I bought a 22" 1080p TV a little while ago for £130 (reduced price). The sound was awful and the picture very average watching TV. Now, as a PC monitor, it was very poor, since at a native resolution desktop of 1920x1080 through the HDMI port, the picture was a little blurry. Yes, actually not completely sharp! Being an all-digital signal path right to the pixels on the LCD panel, it's harder to achieve than actually show a perfectly clear picture. wtf?  I tried fiddling with the picture controls, but it made no difference. Also, the colours were somewhat off. At least the feature set wasn't too bad.

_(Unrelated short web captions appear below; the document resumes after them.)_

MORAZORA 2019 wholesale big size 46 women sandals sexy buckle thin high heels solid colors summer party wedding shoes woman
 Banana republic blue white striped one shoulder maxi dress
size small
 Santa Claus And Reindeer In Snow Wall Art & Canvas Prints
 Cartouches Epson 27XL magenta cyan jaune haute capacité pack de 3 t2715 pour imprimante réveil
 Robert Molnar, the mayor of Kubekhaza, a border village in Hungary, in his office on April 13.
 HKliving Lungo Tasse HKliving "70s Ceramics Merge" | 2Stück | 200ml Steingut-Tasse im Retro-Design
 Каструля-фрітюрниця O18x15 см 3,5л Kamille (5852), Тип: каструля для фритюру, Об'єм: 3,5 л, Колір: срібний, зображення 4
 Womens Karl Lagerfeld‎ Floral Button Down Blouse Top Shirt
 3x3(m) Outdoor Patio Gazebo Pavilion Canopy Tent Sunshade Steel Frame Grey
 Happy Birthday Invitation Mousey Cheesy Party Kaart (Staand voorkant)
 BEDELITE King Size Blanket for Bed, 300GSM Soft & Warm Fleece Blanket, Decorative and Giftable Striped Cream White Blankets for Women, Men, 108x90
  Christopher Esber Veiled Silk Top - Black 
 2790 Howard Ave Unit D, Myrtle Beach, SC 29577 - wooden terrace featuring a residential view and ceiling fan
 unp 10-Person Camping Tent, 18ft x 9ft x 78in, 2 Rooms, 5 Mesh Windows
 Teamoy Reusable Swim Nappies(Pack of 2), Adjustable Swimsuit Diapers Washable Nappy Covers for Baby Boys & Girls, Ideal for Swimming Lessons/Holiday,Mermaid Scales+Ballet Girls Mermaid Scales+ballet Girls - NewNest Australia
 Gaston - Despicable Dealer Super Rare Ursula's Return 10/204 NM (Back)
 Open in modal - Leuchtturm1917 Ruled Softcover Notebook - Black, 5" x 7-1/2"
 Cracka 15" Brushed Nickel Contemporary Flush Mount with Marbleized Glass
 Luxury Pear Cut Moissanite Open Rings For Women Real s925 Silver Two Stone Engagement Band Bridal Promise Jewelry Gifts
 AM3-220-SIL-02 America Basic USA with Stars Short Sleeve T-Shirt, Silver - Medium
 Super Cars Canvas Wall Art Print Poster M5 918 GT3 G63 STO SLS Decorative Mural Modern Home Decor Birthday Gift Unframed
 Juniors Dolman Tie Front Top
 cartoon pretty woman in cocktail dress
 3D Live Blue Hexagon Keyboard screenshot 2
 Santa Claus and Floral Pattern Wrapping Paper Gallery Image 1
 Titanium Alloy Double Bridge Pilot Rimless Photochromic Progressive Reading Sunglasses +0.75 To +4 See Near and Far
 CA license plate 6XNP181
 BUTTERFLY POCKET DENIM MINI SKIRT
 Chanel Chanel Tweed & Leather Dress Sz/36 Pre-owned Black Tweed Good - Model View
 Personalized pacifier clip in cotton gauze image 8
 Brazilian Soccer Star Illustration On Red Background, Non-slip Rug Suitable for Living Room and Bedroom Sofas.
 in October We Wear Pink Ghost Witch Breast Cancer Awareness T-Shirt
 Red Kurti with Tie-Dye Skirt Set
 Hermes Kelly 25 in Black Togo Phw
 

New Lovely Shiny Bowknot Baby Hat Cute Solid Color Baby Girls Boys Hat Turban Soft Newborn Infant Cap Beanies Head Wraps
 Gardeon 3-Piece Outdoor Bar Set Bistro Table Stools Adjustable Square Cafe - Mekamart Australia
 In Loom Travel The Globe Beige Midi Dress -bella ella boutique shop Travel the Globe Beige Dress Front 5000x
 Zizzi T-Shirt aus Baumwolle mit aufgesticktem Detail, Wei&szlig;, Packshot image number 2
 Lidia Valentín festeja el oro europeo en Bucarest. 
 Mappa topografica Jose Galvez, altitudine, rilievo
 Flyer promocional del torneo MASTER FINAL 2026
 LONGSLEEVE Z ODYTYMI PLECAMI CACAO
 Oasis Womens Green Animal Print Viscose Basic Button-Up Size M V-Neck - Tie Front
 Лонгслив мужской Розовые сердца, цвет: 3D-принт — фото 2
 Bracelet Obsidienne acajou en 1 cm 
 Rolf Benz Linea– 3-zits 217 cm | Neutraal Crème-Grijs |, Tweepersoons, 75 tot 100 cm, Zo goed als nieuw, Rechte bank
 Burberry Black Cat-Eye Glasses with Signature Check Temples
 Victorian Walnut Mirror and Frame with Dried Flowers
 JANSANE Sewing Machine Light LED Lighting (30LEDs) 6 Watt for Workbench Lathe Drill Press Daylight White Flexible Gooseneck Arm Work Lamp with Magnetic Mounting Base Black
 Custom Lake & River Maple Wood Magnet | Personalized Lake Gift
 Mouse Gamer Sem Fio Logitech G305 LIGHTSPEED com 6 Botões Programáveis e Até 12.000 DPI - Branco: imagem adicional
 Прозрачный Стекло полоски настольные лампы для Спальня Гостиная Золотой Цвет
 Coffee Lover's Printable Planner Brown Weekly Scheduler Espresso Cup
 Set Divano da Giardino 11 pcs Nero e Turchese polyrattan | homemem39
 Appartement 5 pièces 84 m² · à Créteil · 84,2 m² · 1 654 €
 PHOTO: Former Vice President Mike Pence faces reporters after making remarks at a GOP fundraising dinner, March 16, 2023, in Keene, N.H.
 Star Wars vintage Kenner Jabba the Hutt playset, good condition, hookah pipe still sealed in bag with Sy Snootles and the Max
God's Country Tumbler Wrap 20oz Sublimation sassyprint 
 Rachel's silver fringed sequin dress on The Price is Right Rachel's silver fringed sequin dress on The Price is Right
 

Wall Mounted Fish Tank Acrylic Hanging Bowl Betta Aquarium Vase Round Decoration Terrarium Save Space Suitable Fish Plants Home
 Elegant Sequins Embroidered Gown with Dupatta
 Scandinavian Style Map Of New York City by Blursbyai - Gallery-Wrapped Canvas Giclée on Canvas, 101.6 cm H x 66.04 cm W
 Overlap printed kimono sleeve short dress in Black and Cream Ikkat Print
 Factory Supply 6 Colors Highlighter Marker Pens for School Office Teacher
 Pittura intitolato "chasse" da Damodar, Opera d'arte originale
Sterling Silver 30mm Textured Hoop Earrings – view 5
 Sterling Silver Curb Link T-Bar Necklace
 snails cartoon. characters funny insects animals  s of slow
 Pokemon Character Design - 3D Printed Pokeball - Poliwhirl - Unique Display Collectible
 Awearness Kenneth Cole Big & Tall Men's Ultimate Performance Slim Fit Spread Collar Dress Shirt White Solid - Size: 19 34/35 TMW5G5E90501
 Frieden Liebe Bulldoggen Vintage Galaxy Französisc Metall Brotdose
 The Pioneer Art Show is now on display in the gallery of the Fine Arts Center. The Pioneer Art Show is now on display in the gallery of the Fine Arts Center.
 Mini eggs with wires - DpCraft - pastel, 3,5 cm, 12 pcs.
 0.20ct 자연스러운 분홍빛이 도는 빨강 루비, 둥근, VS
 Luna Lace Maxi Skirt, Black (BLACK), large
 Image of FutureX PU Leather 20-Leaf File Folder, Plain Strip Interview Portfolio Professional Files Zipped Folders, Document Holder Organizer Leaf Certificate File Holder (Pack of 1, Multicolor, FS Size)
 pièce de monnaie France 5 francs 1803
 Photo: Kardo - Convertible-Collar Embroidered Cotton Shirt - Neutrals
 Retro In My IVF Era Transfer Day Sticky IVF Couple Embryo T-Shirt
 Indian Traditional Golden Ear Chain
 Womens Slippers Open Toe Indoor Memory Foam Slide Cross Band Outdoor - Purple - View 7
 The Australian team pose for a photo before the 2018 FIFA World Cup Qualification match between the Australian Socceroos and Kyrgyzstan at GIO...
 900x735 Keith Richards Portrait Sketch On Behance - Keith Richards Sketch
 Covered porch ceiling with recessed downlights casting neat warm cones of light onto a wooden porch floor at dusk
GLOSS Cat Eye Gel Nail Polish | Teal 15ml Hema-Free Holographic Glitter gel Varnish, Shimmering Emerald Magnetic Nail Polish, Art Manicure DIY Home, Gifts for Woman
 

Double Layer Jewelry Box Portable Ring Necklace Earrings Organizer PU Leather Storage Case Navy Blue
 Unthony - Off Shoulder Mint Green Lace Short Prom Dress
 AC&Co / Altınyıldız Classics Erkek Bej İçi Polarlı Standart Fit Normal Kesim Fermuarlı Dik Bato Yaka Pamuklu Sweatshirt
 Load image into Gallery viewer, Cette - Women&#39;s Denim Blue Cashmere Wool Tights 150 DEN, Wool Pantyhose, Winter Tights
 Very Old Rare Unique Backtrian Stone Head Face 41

I returned it for a refund.


----------



## jasper1605 (Sep 14, 2011)

quite honestly I would recommend you save some $$ 'til you can afford a good mid-range to mid/high-range TV.  That way you'll be more satisfied with a better and more reliable product later on down the road.  But that's just my recommendation; you gotta do what suits your personality haha


----------



## ron732 (Sep 14, 2011)

Read some reviews before spending your money. I would avoid the Technika after reading this Tesco Technika LCD.


----------



## techguy31 (Sep 15, 2011)

Check out the Sony HX800.  The picture on it is simply amazing.  However mines have some blotches of clouding.  Sometimes it's noticeable and sometimes it's not.  Definitely a great television for pc setup and just watching tv.  However, it is around $1200.


----------



## MikeTyson (Oct 6, 2011)

Went for a TOSHIBA 42Inch LED Full HD TV in the end, was really cheap ;D

Thanks for all the help ^_^


----------



## brandonwh64 (Oct 6, 2011)

I love my 2 year old LG 52inch 1080P TV! Even the WII on 720P looks super sweet! I watched my first bluray on it not too long ago and it was so bright and colorful. This TV is everything I will need for a while (unless 3D gets bigger)


----------



## jasper1605 (Oct 6, 2011)

brandonwh64 said:


> WII on 720P



The Wii can only output at 480p with the component cables afaik.


----------